[Record excerpts]:
= = =

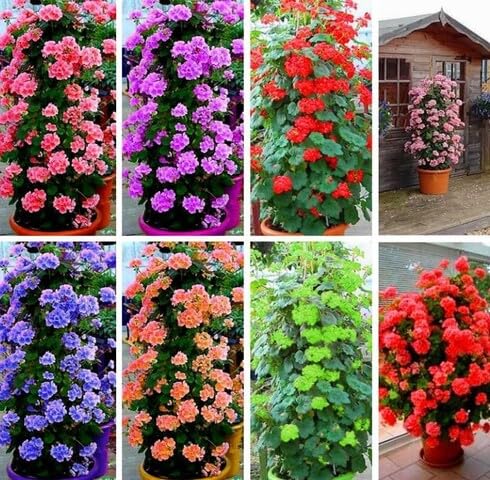 Mixed Climbing Geranium Flower Seeds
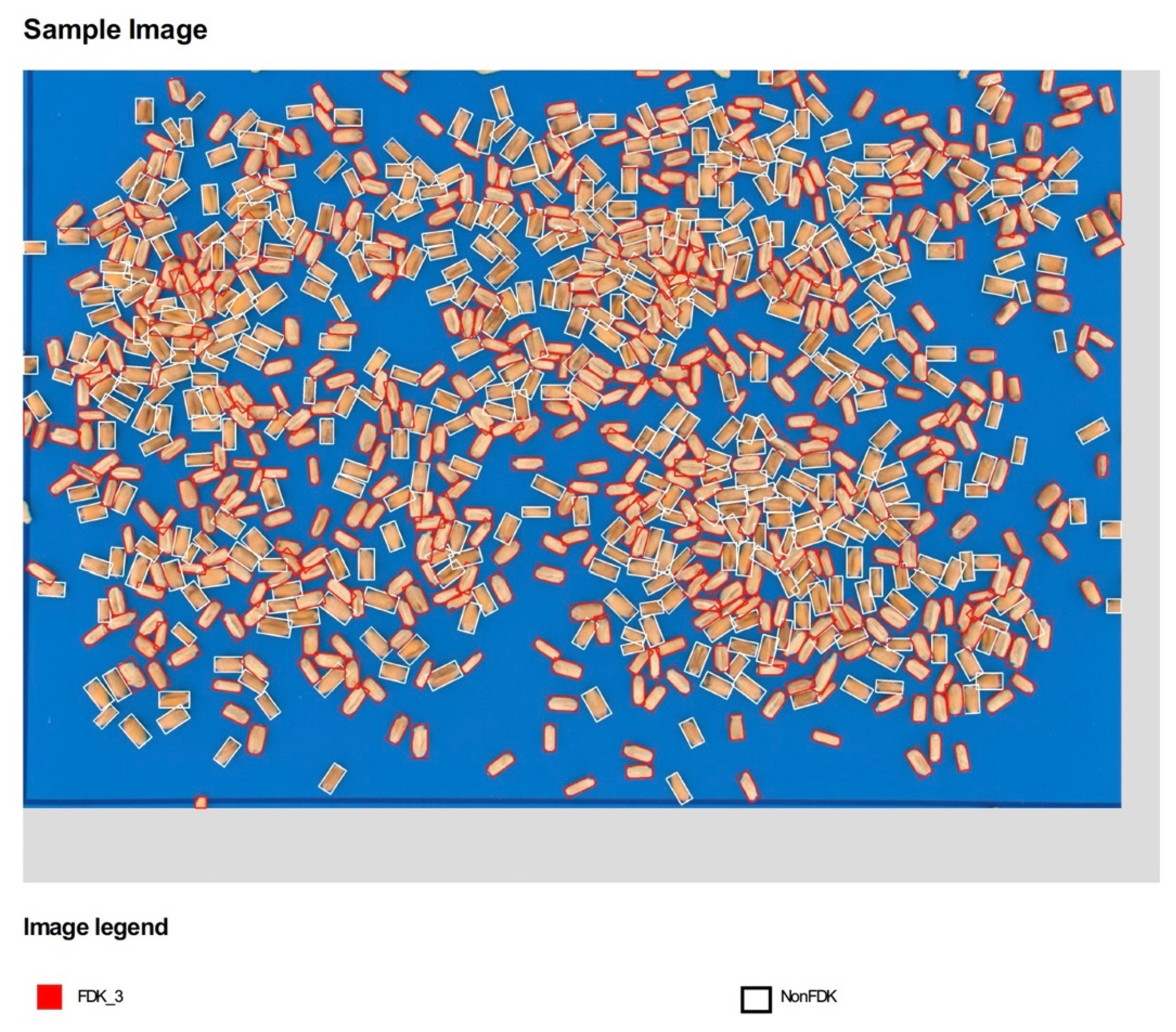 Agronomy 12 00532 g002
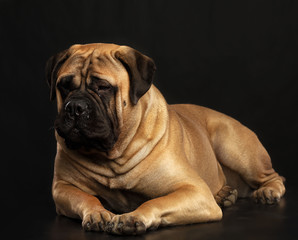 Obraz premium Bullmastiff dog on Isolated Black Background in studio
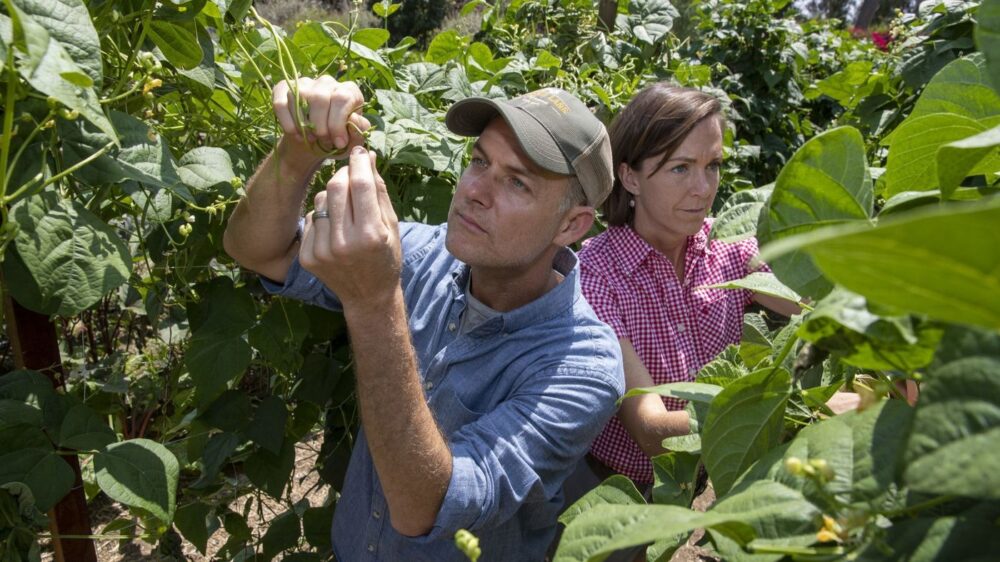 Farmers inspecting bean plants in a garden.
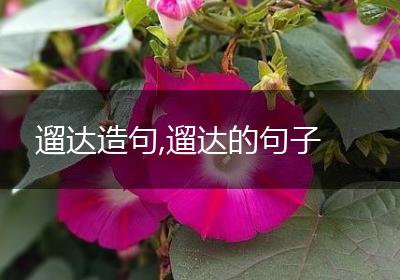 遛达造句,遛达的句子
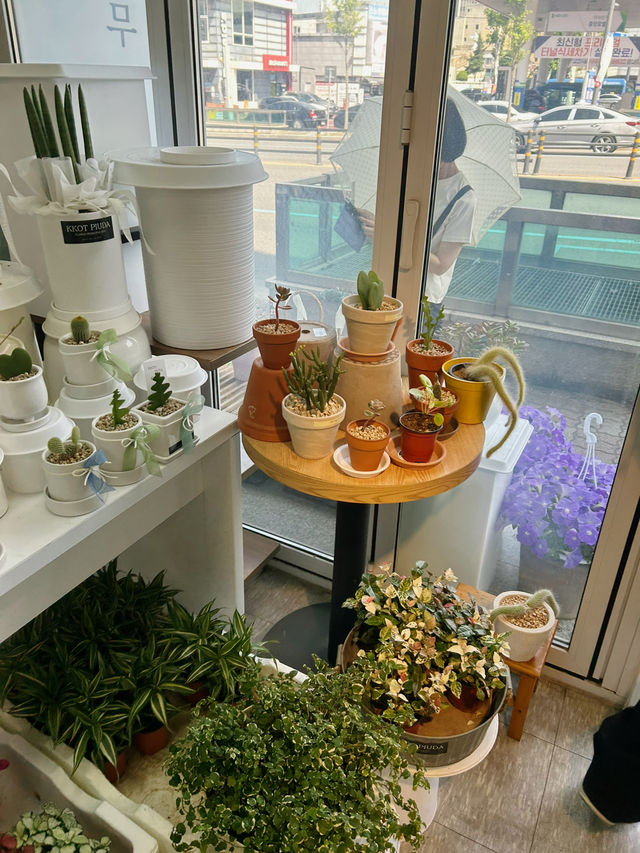 💐 꽃처럼 피어나는 아름다움, 꽃피우다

= = =

[Work to complete]: The response is the full listing, copied exactly, with the pictures omitted.

[Your solution]:
 Mixed Climbing Geranium Flower Seeds
 Agronomy 12 00532 g002
 Obraz premium Bullmastiff dog on Isolated Black Background in studio
 Farmers inspecting bean plants in a garden.
 遛达造句,遛达的句子
 💐 꽃처럼 피어나는 아름다움, 꽃피우다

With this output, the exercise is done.